In this project we have used comments from reddit to play around with multiple functionalities of Apache Spark, HDFS and Docker. The main objective of the project was to get our hands dirty with setting up containerized clusters of Apache Spark, HDFS using Docker functionalities.

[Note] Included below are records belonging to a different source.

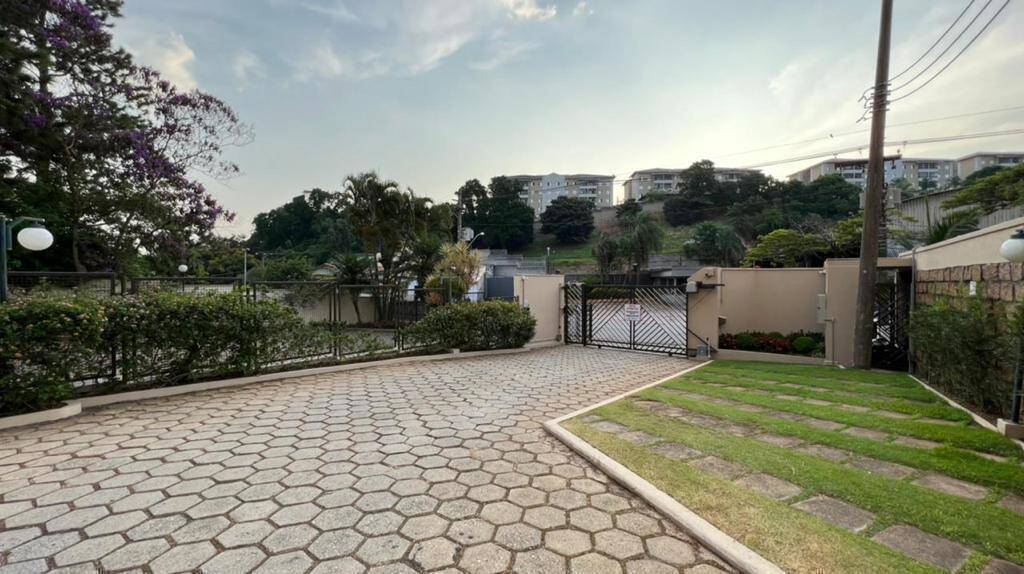 Apartamento, 3 quartos, 167 m² - Foto 32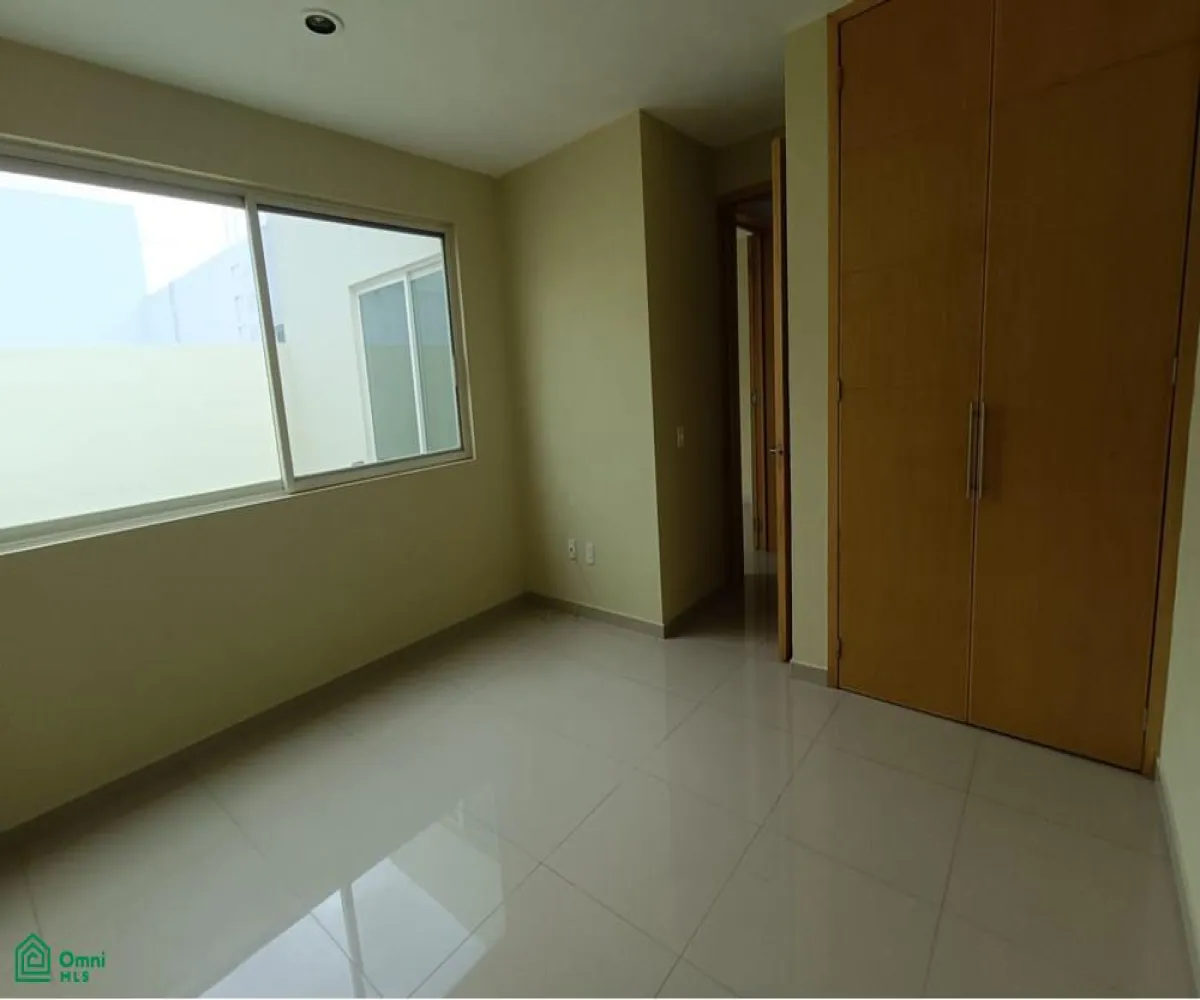 Casa En Venta,Fraccionamiento Bosque Real,Loma Ancha 100, Tlajomulco de Zuniga, Jalisco 45230, 3 Habitaciones,3 Baños,Loma Ancha,2,MX25958268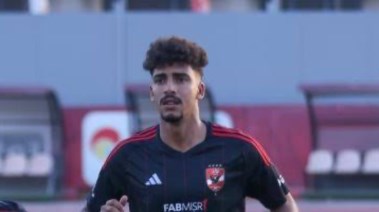 عبدالرحمن رشدان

This was done as a part of a grading requirement for a Data Engineering course.

The collaborators of this project are:

The main phases of the project were as follows:

Setup a multi-container Spark-HDFS cluster using docker-compose.
Run multiple analysis on the dataset provided - Reddit Comments.
Choose few analysis pipelines and run experiments to find out the performance with variable worker nodes.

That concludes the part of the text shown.